TikTok permette di segnalare se un video contiene dati personali o informazioni che permettano di essere identificati: le linee guida della community dicono che non sono consentiti «contenuti che violino la riservatezza dei dati personali o dei dati identificativi (ad esempio codice fiscale, numeri telefonici, indirizzi fisici)». L’azienda aggiunge: «Provvediamo a rimuovere dalla piattaforma i contenuti che riportino dati personali o dati identificativi». Non è però chiaro quanto tempo la piattaforma impieghi per processare queste richieste né se il volto sia considerato un dato personale, come è invece il caso del GDPR.

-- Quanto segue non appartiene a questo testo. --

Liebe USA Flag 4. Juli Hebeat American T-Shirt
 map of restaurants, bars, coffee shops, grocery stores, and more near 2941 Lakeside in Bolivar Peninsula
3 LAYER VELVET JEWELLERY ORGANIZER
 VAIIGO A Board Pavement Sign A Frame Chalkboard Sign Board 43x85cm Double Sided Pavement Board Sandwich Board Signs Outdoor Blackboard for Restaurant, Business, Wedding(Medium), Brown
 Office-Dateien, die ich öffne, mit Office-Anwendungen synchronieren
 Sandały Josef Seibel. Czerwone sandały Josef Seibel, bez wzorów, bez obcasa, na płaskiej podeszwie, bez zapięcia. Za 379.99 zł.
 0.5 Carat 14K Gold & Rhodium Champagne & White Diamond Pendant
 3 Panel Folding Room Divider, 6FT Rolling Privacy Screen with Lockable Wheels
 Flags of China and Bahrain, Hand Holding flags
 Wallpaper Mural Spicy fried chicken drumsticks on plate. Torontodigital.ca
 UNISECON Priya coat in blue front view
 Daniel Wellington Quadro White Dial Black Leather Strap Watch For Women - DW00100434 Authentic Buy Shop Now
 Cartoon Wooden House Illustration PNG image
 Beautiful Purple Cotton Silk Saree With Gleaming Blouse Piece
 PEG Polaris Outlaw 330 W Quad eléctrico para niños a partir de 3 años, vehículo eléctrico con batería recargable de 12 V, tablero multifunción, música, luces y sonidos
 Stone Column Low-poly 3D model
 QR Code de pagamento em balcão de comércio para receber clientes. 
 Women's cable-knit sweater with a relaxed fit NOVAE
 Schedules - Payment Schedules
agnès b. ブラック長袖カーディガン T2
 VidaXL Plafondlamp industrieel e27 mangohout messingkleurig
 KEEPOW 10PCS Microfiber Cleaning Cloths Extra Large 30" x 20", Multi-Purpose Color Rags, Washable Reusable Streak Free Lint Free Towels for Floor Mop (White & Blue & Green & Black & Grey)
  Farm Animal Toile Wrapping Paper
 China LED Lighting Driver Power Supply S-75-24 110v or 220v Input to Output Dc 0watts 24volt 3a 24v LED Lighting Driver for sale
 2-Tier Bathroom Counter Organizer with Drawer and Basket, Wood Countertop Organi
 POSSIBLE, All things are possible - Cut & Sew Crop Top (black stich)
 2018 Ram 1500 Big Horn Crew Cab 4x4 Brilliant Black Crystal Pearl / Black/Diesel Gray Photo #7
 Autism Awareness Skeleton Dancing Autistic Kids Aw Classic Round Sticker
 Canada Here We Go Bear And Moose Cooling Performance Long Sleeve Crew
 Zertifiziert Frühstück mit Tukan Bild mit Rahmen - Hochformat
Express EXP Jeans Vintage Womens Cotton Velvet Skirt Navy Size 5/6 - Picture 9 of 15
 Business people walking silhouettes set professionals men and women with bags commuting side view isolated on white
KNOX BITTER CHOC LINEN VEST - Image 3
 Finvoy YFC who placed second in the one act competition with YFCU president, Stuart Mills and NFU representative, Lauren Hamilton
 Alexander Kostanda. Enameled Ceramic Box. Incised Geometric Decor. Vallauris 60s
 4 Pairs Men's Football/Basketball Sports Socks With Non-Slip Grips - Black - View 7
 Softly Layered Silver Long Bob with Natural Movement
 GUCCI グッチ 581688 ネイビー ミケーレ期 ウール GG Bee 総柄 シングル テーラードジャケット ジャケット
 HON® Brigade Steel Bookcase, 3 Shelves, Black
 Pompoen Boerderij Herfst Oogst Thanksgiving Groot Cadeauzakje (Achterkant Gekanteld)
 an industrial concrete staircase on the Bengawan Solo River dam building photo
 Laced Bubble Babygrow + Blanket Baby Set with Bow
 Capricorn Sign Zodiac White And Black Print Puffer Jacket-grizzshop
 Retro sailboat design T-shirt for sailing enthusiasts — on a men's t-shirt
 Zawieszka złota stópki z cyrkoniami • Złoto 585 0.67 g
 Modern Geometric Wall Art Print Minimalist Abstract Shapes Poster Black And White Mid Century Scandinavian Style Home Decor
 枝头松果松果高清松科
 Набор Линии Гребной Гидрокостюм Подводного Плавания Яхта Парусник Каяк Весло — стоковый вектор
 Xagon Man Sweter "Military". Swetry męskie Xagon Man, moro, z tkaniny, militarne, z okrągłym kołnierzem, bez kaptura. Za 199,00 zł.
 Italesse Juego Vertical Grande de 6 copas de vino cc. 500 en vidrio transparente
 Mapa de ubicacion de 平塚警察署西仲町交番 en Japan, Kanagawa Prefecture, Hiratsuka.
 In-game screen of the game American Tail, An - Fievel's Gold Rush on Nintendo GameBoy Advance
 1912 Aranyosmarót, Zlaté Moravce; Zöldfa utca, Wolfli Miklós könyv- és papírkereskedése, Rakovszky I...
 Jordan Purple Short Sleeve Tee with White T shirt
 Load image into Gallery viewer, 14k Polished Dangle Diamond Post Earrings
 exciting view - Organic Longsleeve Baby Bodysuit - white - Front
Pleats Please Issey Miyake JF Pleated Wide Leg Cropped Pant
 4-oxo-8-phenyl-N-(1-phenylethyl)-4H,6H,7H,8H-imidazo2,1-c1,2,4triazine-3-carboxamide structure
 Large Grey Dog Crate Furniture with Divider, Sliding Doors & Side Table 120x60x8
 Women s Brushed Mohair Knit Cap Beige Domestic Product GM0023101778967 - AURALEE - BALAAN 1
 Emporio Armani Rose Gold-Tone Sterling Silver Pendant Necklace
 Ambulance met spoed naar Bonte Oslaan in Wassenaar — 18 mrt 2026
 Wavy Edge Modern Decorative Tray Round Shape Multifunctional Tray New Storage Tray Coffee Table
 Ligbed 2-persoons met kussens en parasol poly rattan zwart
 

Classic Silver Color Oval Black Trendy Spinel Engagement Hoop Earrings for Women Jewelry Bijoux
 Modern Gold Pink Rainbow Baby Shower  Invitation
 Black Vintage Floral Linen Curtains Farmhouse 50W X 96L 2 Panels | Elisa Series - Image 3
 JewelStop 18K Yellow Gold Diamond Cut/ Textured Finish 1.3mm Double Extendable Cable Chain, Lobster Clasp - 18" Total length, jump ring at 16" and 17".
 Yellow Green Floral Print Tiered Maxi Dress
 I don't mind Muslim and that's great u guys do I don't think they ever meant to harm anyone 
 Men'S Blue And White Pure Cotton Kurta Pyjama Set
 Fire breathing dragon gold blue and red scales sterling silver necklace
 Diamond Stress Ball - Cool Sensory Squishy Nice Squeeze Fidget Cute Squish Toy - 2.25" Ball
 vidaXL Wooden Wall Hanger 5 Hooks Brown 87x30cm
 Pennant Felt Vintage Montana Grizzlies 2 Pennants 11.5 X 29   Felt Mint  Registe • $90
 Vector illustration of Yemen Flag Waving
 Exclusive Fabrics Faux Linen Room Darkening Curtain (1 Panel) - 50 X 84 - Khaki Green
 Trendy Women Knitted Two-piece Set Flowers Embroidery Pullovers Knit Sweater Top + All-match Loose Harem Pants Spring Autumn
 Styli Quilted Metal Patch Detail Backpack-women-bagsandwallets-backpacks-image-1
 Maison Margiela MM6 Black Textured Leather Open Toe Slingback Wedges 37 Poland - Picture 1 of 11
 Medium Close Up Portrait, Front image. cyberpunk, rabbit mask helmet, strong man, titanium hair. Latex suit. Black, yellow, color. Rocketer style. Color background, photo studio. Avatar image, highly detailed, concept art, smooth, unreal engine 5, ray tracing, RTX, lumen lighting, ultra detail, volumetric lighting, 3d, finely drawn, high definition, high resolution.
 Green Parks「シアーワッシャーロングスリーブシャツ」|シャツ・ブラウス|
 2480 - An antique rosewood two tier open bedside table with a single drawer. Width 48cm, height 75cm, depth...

Finire in questo genere di video può risultare un’esperienza molto fastidiosa, se non dolorosa o pericolosa. Sbagliare a rispondere alle domande di un tiktoker apparso dal nulla può far apparire una persona ignorante di fronte a milioni di spettatori. Comparire in un video che mostra le persone meglio vestite di Milano la domenica mattina può attirare l’attenzione di qualcuno che, all’improvviso, sa dove quella persona prende il caffè di tanto in tanto. Un creator può scegliere di editare un video per far sembrare antipatico, scontroso, ridicolo o sgraziato qualcun altro. Anche chi dice esplicitamente ai creator di non voler essere ripreso finisce, di tanto in tanto, in una compilation di gente che dice di non voler essere ripresa.